RAW DATA>
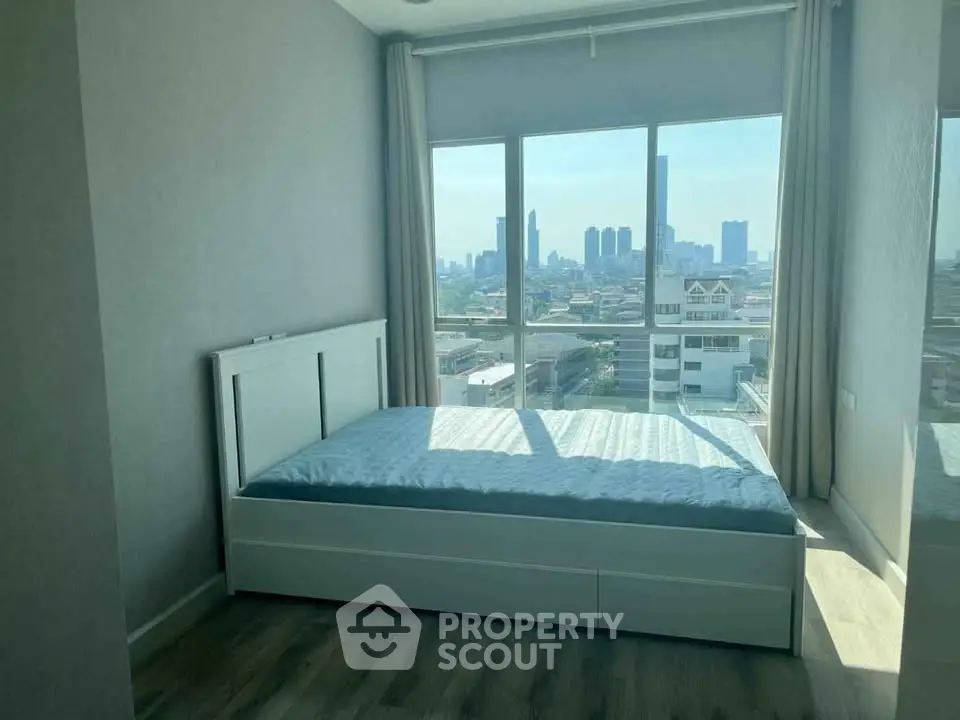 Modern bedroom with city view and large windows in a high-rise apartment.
==
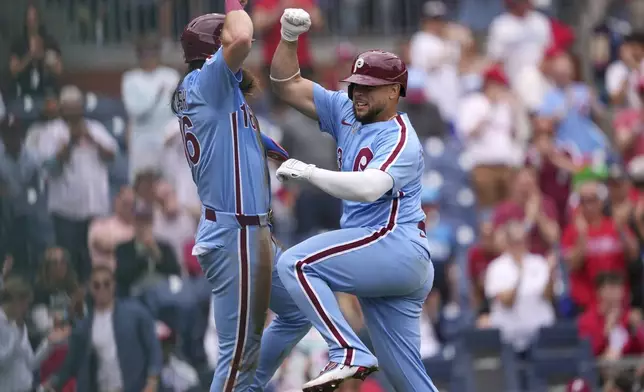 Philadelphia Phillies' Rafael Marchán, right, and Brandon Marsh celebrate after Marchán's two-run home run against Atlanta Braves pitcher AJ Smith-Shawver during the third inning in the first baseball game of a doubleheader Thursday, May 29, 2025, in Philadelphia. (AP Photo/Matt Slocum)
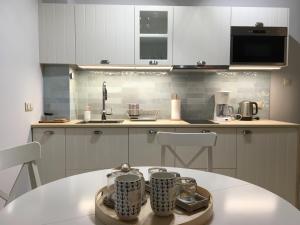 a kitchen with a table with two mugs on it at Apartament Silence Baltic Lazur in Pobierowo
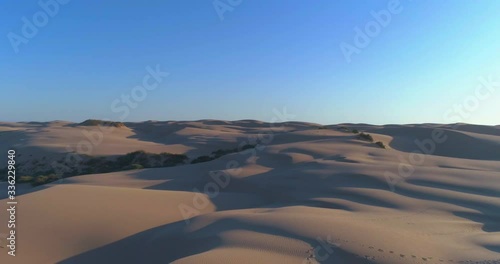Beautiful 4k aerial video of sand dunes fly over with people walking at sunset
* * *
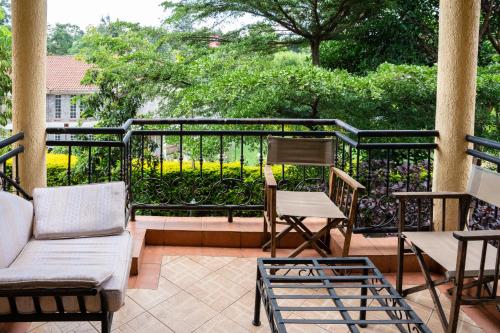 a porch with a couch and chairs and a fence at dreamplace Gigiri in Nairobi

WHAT IS EXPECTED>
The reply should hold the entries above from the line with "a kitchen with" to the line with "Beautiful 4k aerial", duplicated exactly, pictures excluded.

RESULT BELOW>
 a kitchen with a table with two mugs on it at Apartament Silence Baltic Lazur in Pobierowo
Beautiful 4k aerial video of sand dunes fly over with people walking at sunset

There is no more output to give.